Diagnosing Pathological Chain-of-Thought in Reasoning Models
Manqing Liu, David Williams-King, Ida Caspary, Linh Le, Hannes Whittingham, Puria Radmard, Cameron Tice, Edward James Young
TL;DR
This work presents a practical toolkit to diagnose pathological chain-of-thought in reasoning models by introducing three health metrics—Necessity, Paraphrasability, and Substantivity—that compare answer log-probabilities under targeted CoT interventions. It further provides model organisms that intentionally exhibit encoded, internalized, or post hoc CoT pathologies to validate these metrics. The results show that each metric reliably signals its respective pathology and that monitoring across training checkpoints reveals temporal dynamics, enabling proactive safety interventions. The framework offers a scalable, inference-time monitoring approach with broad applicability to frontier and open-source LLMs, contributing to safer and more trustworthy reasoning traces. The work highlights practical implications for AI safety pipelines, while acknowledging limitations such as ground-truth ambiguity and dependence on text-space reasoning.
Abstract
Chain-of-thought (CoT) reasoning is fundamental to modern LLM architectures and represents a critical intervention point for AI safety. However, CoT reasoning may exhibit failure modes that we note as pathologies, which prevent it from being useful for monitoring.

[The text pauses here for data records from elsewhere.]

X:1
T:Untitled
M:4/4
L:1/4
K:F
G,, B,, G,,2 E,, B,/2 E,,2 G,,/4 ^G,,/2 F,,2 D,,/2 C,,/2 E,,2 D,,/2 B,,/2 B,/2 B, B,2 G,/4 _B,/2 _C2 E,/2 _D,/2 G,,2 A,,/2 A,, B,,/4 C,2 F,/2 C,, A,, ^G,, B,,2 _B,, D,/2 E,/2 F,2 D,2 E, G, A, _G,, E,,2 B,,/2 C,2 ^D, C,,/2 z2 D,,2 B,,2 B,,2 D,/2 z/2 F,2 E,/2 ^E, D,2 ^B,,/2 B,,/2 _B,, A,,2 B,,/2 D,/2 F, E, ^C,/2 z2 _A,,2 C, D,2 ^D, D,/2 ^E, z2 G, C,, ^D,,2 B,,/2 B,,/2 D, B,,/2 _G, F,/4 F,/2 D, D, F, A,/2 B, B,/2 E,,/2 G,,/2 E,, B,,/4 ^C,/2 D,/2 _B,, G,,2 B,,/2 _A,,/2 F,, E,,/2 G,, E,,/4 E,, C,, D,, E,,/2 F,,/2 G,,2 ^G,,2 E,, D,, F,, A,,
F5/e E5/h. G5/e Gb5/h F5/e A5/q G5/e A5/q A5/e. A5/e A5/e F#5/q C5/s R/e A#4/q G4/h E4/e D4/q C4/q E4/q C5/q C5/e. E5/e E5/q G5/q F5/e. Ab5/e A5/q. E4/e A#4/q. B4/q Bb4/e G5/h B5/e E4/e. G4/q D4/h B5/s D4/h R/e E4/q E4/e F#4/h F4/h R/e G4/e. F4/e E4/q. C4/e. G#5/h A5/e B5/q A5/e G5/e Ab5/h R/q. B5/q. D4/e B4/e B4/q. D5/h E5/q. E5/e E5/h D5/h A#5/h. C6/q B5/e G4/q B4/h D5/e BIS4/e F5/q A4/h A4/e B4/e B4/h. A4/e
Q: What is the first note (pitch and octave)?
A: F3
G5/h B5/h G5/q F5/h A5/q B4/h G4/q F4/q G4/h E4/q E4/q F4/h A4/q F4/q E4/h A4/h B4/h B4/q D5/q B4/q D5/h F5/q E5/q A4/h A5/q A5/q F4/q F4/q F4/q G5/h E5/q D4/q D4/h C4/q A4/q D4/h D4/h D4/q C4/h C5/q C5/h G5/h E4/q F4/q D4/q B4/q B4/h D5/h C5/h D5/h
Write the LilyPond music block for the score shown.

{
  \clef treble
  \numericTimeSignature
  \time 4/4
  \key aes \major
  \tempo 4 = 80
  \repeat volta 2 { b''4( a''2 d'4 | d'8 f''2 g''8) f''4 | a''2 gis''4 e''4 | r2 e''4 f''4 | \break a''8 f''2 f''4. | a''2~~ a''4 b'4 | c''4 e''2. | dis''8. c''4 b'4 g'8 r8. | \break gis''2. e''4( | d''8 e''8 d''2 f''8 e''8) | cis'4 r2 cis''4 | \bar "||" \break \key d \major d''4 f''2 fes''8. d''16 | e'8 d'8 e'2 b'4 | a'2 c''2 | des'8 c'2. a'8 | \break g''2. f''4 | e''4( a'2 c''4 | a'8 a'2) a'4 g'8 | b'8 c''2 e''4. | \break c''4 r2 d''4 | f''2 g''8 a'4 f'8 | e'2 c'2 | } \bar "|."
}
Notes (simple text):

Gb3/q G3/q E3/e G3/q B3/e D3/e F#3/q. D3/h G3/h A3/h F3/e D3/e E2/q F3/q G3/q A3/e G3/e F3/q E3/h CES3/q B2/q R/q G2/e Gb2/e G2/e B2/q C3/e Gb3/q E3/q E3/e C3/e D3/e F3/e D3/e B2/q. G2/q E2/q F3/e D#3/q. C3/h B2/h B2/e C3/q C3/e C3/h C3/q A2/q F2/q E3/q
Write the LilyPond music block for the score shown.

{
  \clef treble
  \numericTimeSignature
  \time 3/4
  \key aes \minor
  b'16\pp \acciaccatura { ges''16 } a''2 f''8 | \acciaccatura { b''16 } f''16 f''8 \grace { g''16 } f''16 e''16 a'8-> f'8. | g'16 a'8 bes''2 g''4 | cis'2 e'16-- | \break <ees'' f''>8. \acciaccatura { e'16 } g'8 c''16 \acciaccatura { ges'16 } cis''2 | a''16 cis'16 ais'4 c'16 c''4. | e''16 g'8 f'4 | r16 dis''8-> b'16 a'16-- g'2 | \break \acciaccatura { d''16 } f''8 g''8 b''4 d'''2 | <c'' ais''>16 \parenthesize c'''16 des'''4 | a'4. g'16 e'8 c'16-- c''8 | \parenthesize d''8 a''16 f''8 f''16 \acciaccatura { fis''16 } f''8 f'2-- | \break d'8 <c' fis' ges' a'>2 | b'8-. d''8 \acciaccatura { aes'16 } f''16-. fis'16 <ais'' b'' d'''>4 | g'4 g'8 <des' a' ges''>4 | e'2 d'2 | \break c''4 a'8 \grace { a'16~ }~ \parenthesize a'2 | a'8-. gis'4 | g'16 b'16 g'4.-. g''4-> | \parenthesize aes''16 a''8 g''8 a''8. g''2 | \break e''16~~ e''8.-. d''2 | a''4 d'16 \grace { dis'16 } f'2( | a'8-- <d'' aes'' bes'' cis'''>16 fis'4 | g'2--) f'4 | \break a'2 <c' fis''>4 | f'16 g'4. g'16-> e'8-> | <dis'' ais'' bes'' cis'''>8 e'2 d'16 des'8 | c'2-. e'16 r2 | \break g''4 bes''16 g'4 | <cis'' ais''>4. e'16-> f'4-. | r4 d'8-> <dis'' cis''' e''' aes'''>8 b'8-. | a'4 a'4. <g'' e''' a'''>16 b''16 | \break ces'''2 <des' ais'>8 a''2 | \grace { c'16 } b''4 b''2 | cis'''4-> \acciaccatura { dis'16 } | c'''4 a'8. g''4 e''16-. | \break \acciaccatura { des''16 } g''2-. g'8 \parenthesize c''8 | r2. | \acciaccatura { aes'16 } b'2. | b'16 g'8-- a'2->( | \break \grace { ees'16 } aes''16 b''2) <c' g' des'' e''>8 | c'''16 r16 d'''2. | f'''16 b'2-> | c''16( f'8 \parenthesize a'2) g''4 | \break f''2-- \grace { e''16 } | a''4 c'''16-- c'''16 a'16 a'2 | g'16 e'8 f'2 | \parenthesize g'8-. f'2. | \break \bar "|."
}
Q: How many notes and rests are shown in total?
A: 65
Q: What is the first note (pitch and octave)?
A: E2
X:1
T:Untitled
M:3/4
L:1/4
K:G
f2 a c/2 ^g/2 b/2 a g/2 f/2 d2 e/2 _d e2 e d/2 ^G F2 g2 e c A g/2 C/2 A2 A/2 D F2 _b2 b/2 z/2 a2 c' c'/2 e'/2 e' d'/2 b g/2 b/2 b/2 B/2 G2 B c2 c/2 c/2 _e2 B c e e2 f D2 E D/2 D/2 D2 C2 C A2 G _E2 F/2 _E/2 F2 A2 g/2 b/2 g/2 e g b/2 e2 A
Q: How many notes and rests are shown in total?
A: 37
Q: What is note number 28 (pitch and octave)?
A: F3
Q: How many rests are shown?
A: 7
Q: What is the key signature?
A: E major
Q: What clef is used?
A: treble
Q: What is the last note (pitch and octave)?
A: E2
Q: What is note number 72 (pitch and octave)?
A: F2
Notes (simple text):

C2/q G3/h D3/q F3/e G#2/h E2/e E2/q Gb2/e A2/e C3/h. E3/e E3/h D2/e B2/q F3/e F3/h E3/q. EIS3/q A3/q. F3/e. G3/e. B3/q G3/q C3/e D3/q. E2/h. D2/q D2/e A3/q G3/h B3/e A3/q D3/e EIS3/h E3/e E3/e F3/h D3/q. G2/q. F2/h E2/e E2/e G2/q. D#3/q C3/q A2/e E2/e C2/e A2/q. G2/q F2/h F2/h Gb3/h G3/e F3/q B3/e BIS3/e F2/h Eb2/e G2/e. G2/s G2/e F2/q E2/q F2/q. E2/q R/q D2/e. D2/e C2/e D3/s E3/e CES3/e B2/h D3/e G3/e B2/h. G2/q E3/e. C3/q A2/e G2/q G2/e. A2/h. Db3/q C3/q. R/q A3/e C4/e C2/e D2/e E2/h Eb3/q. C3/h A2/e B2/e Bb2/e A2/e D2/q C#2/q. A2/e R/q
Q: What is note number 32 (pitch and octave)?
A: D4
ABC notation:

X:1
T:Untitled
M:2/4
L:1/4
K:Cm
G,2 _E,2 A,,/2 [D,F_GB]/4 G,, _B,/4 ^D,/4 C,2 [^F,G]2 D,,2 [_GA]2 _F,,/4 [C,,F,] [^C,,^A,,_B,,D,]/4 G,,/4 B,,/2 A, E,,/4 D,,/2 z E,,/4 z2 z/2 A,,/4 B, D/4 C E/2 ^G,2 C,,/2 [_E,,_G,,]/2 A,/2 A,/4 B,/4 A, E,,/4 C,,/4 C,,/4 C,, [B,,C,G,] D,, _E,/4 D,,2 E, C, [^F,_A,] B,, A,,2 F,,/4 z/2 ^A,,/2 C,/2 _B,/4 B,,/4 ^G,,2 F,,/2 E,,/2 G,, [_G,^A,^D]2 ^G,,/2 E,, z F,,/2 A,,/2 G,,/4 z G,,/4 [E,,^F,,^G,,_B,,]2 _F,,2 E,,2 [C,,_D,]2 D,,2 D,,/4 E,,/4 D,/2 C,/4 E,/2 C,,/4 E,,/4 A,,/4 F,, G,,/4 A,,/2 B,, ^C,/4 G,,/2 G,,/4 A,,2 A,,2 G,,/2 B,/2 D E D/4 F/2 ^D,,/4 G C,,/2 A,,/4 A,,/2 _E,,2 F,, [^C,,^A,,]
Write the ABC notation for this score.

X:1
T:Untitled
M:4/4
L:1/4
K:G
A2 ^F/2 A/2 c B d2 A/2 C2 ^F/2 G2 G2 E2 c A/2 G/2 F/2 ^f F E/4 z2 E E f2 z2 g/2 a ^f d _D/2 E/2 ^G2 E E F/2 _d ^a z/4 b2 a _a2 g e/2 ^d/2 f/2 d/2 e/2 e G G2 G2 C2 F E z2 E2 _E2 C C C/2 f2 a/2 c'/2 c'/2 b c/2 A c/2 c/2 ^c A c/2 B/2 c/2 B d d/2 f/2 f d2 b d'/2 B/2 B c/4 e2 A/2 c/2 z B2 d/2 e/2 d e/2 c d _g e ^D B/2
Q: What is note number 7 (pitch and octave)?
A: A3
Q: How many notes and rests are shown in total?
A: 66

Prior work has identified three distinct pathologies: post-hoc rationalization, where models generate plausible explanations backwards from predetermined answers; encoded reasoning, where intermediate steps conceal information within seemingly interpretable text; and internalized reasoning, where models replace explicit reasoning with meaningless filler tokens while computing internally. To better understand and discriminate between these pathologies, we create a set of concrete metrics that are simple to implement, computationally inexpensive, and task-agnostic. To validate our approach, we develop model organisms deliberately trained to exhibit specific CoT pathologies. Our work provides a practical toolkit for assessing CoT pathologies, with direct implications for training-time monitoring.